## Directions for this task
The answer must be the lines from the one that holds "Processed collage of" through the final line of the data, copied exactly, with no pictures.

## Records from a collection

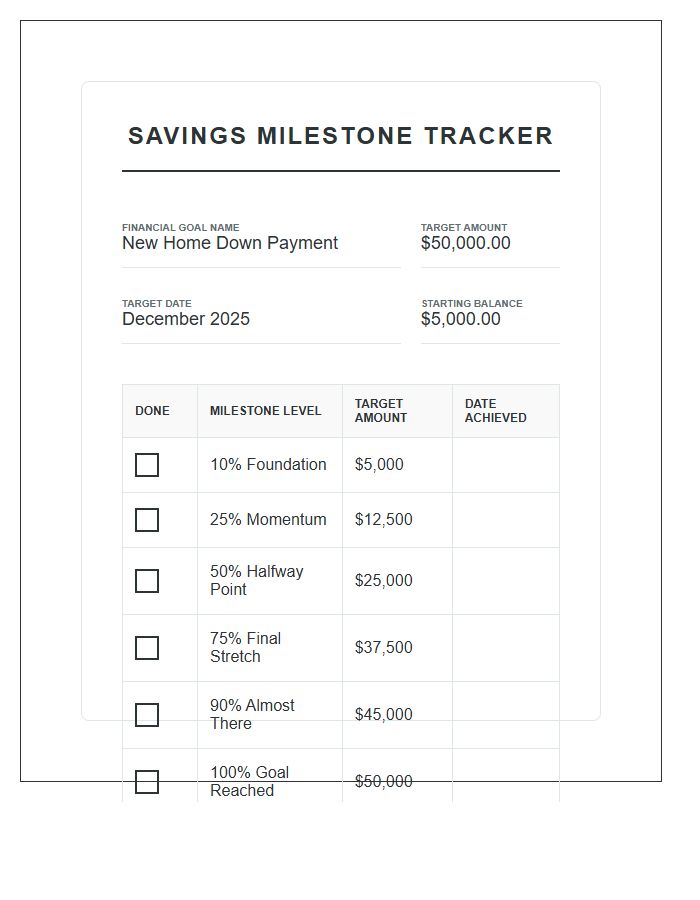 Financial Milestone Savings Goal Printable Chart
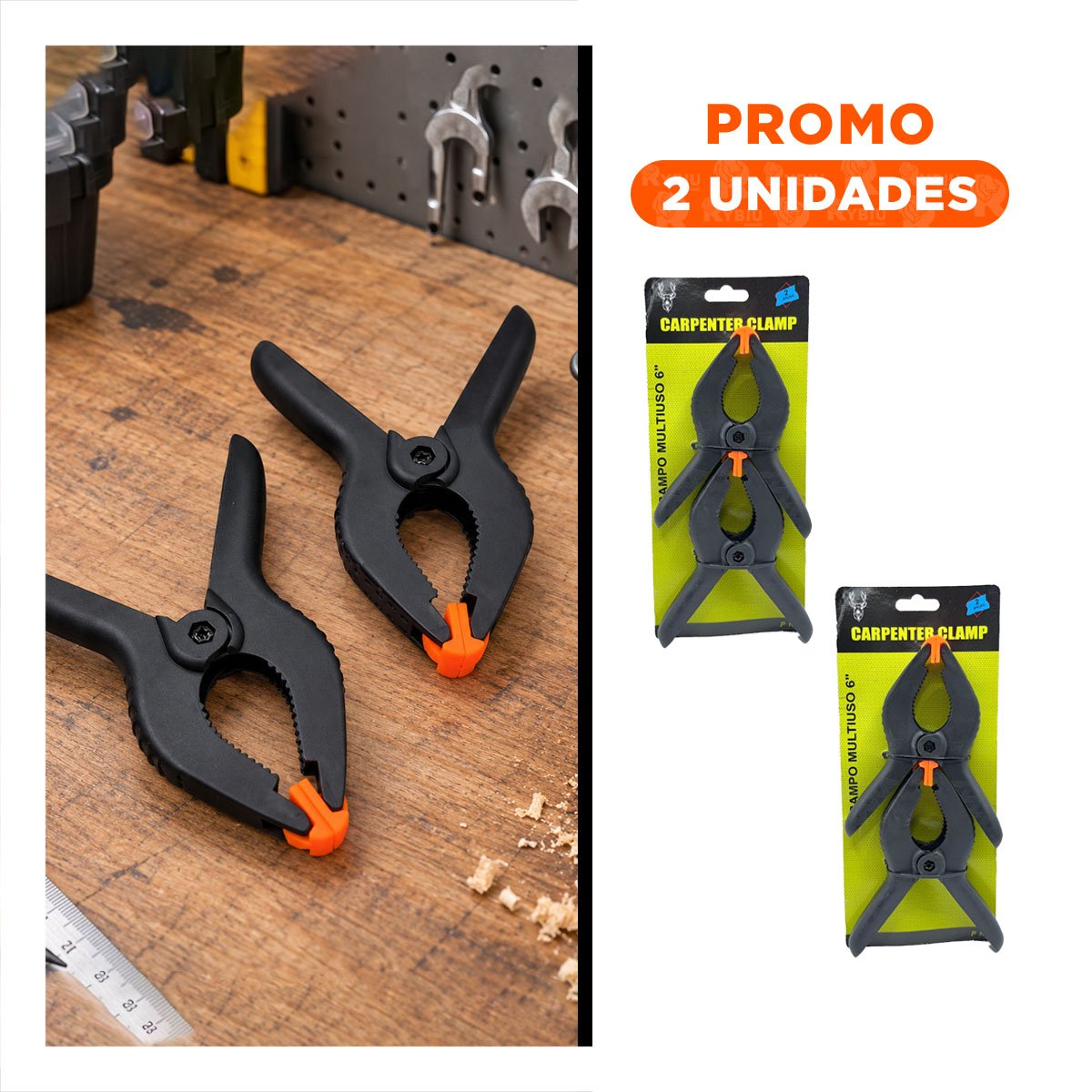PACK2 GANCHOS DE 6' CON AGARRE PARA FIJACION NEGRO YREGALO STICKER - 1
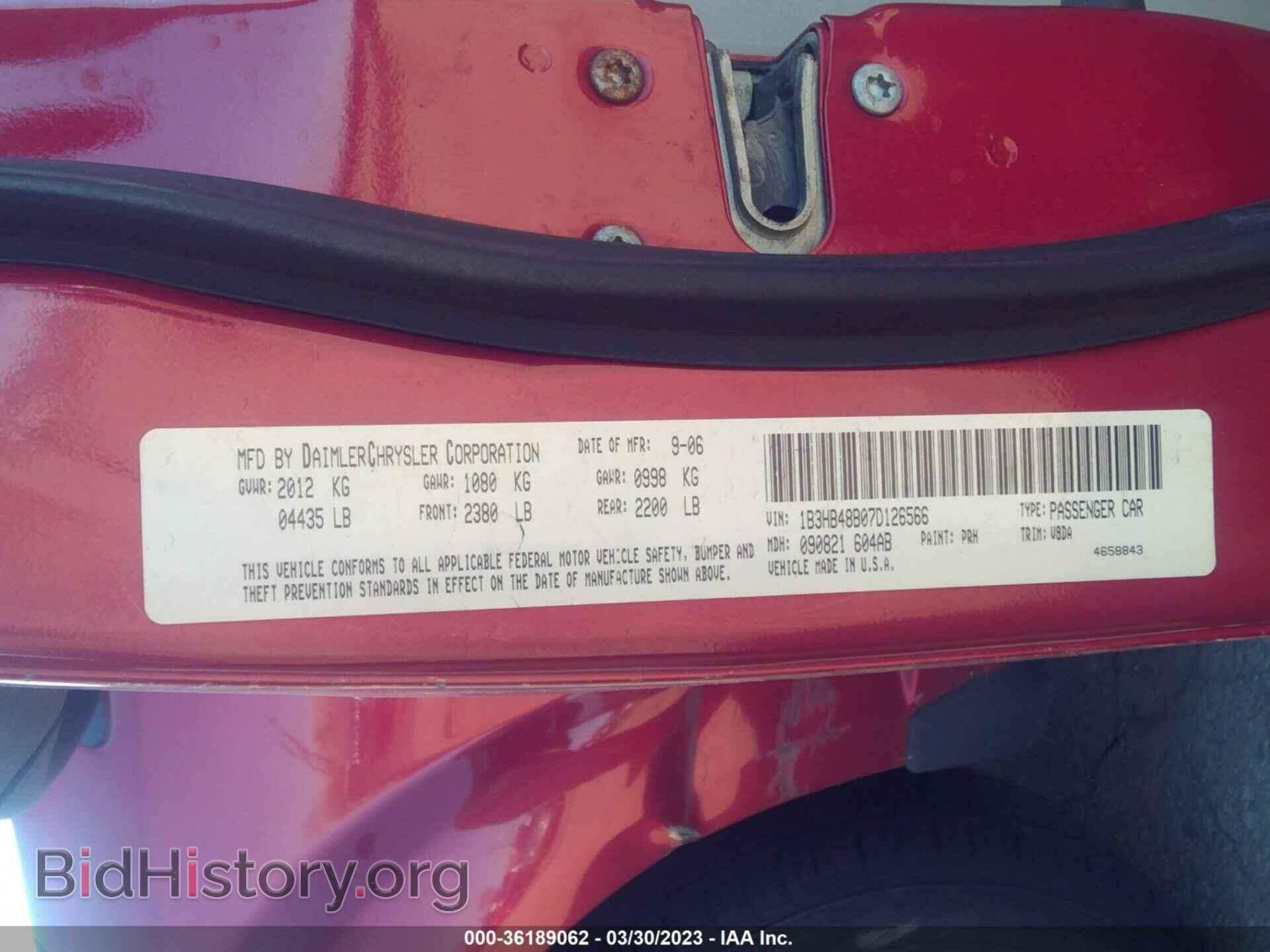 2007 DODGE CALIBER - VIN: 1B3HB48B07D126566 - Photo 9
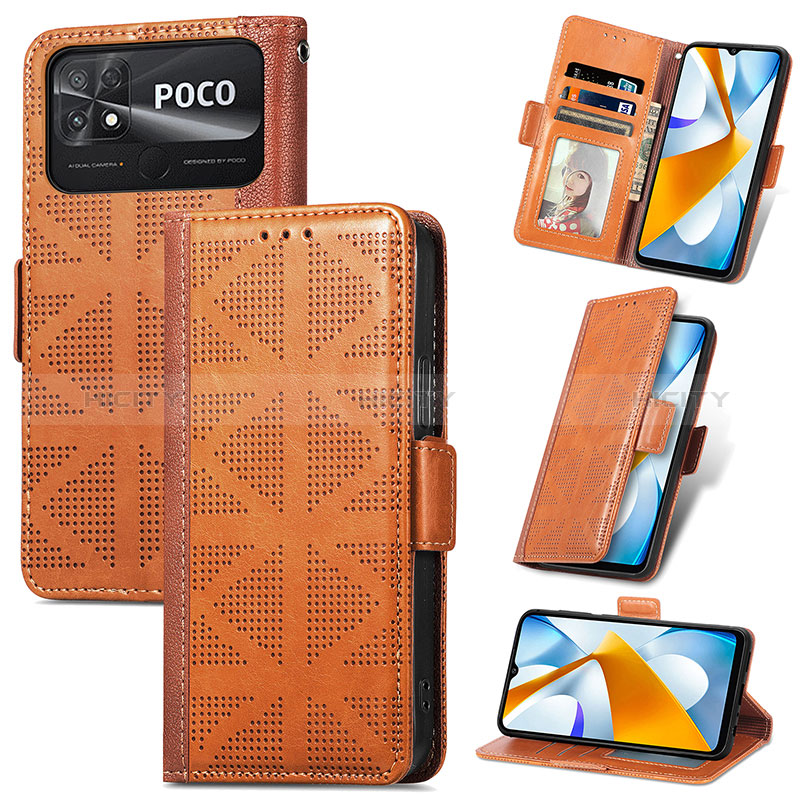 Custodia Portafoglio In Pelle Cover con Supporto S03D per Xiaomi Poco C40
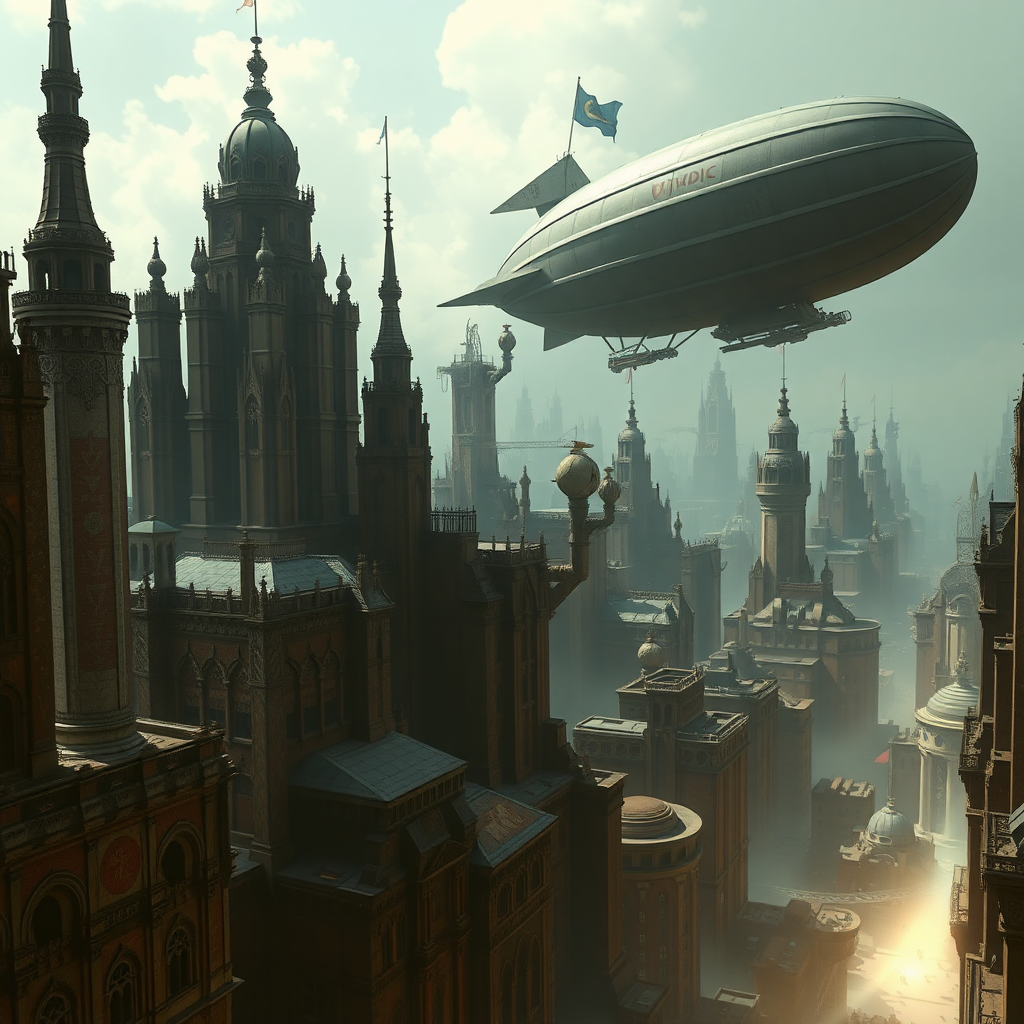 Brutalism Bioshock style city with flying zeppelin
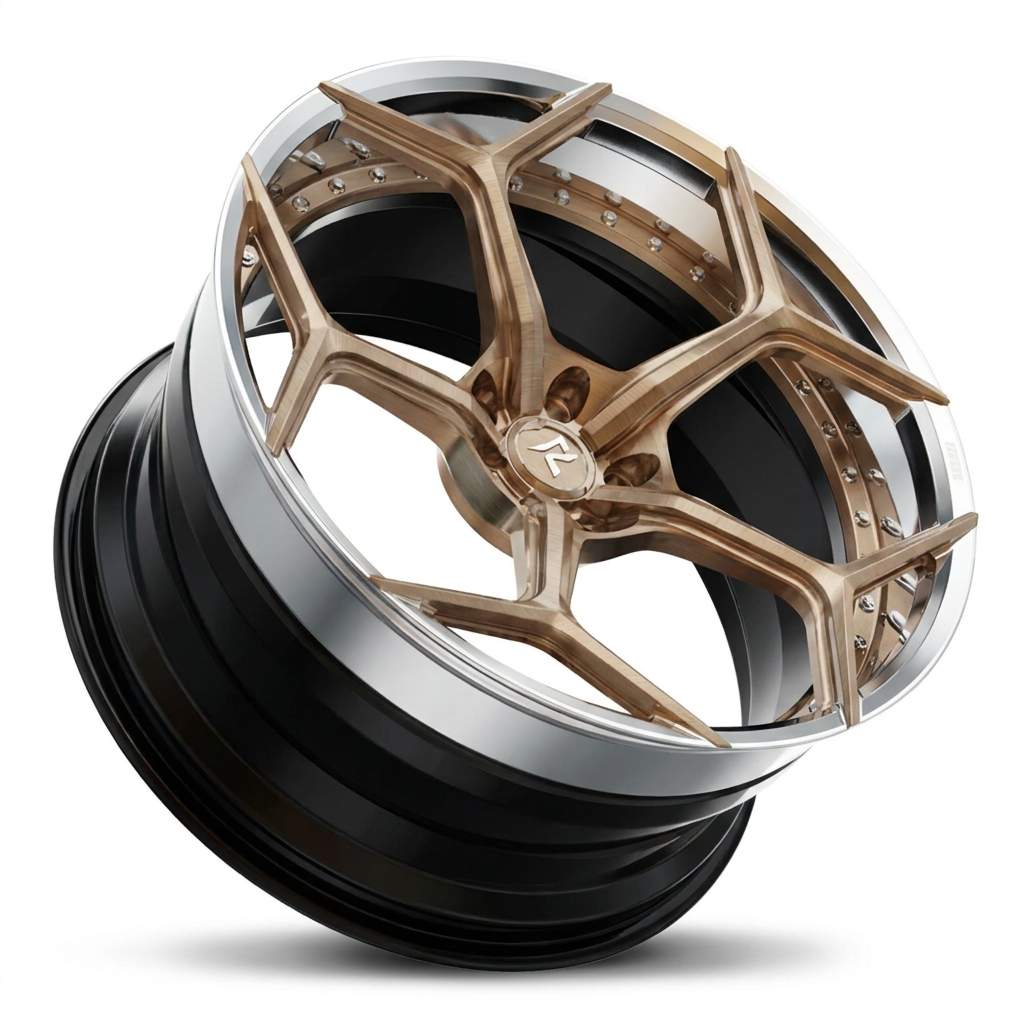 RZR VI forged wheel — Brushed Bronze / Polished Lip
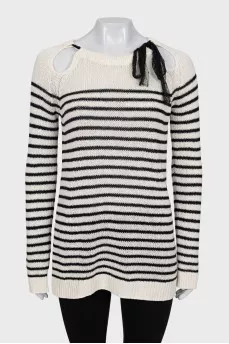 Striped jumper with a bow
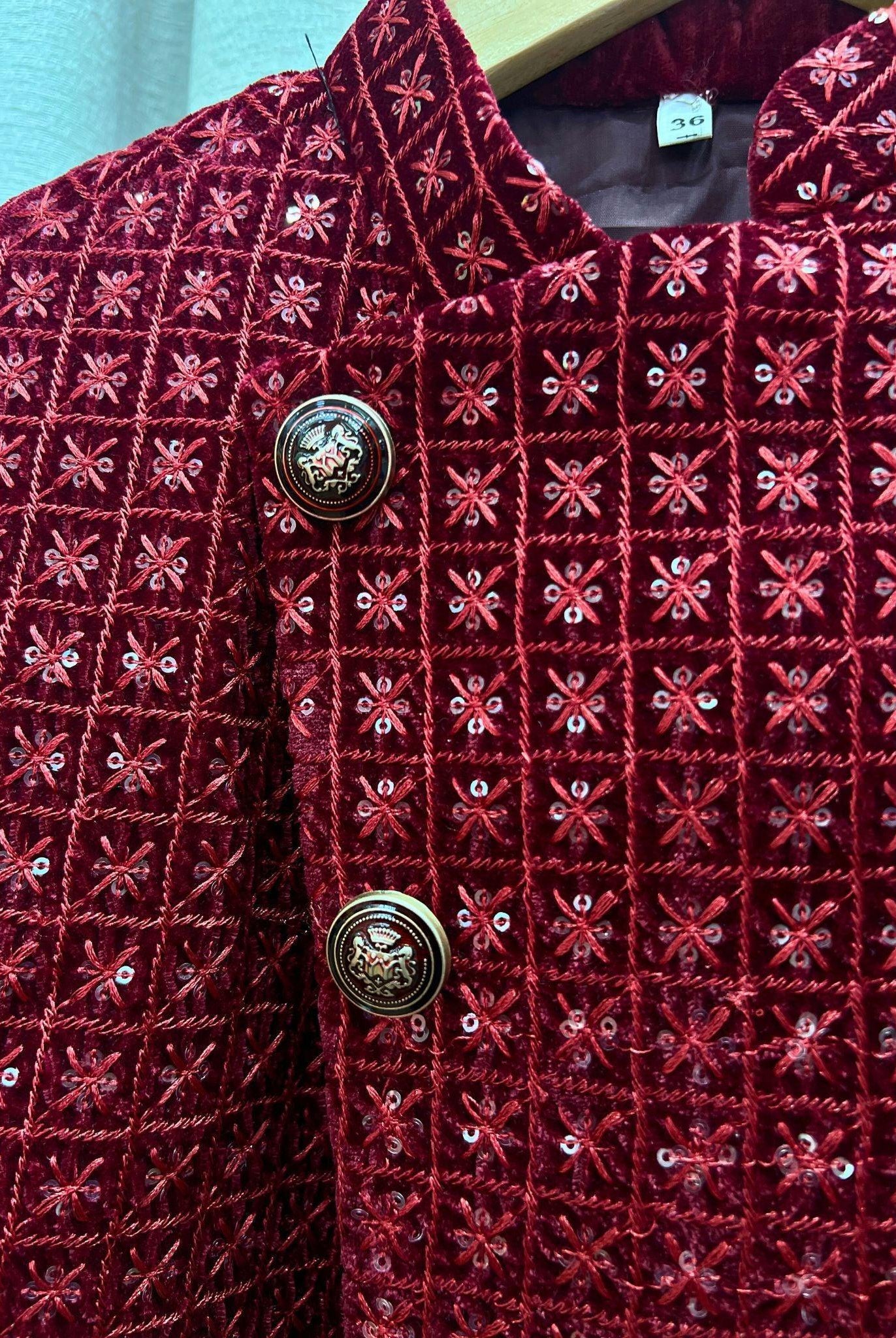 Mens Sherwani Set In Sequins Work - Boutique Nepal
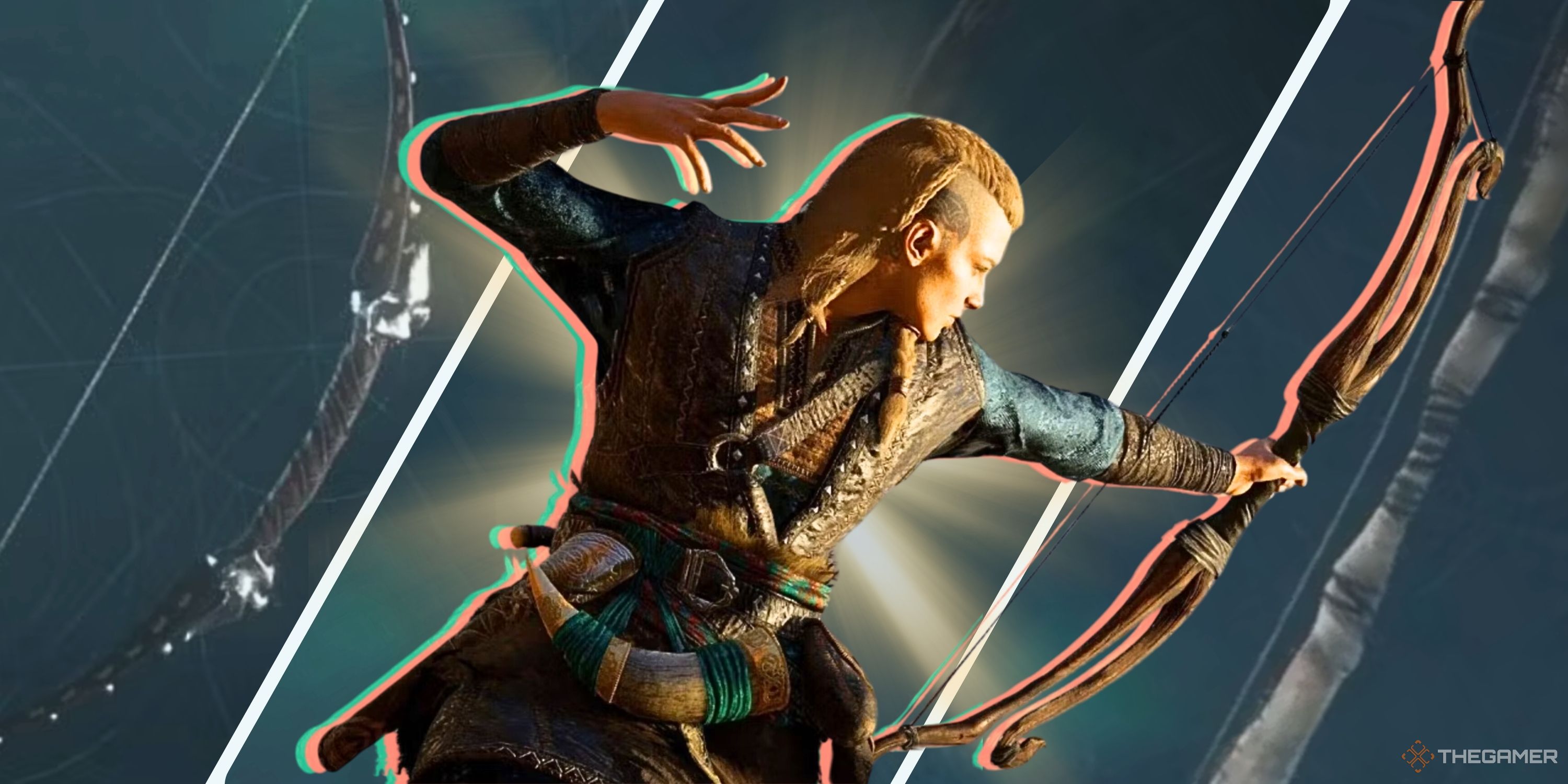 Collage image featuring three bows and the character player from Assassin's Creed Valhalla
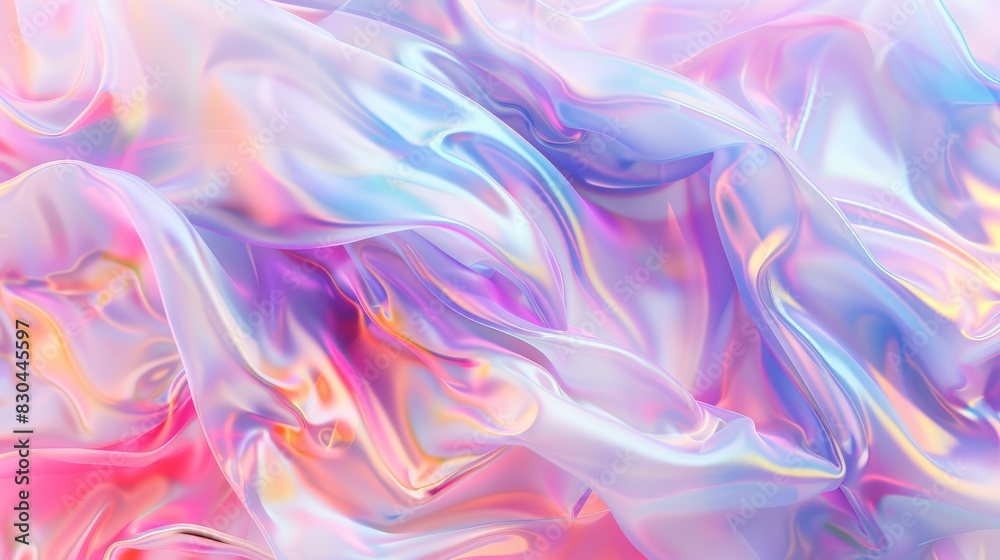Processed collage of Iridescent fabric trendy cloth holographic texture. Background for banner, backdrop or texture for 3D mapping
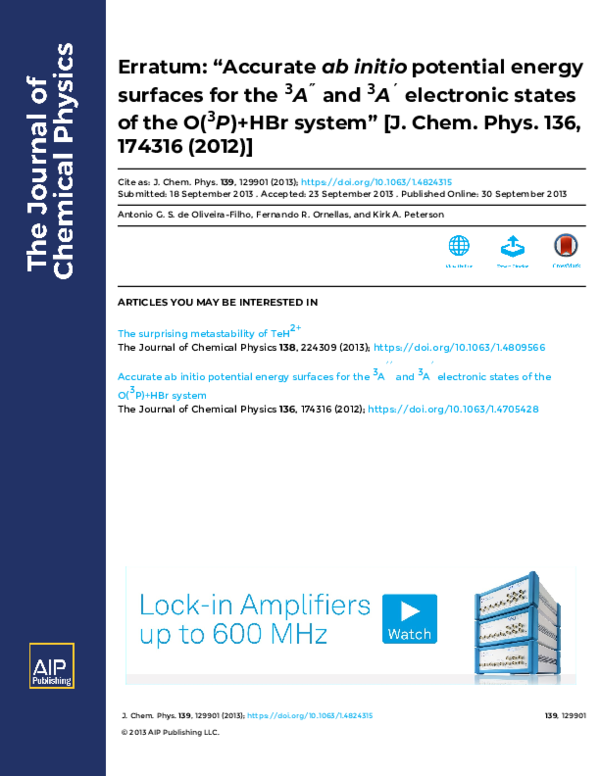(PDF) Erratum: “Accurate ab initio potential energy surfaces for the 3A ...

## Reply to the exercise
Processed collage of Iridescent fabric trendy cloth holographic texture. Background for banner, backdrop or texture for 3D mapping
(PDF) Erratum: “Accurate ab initio potential energy surfaces for the 3A ...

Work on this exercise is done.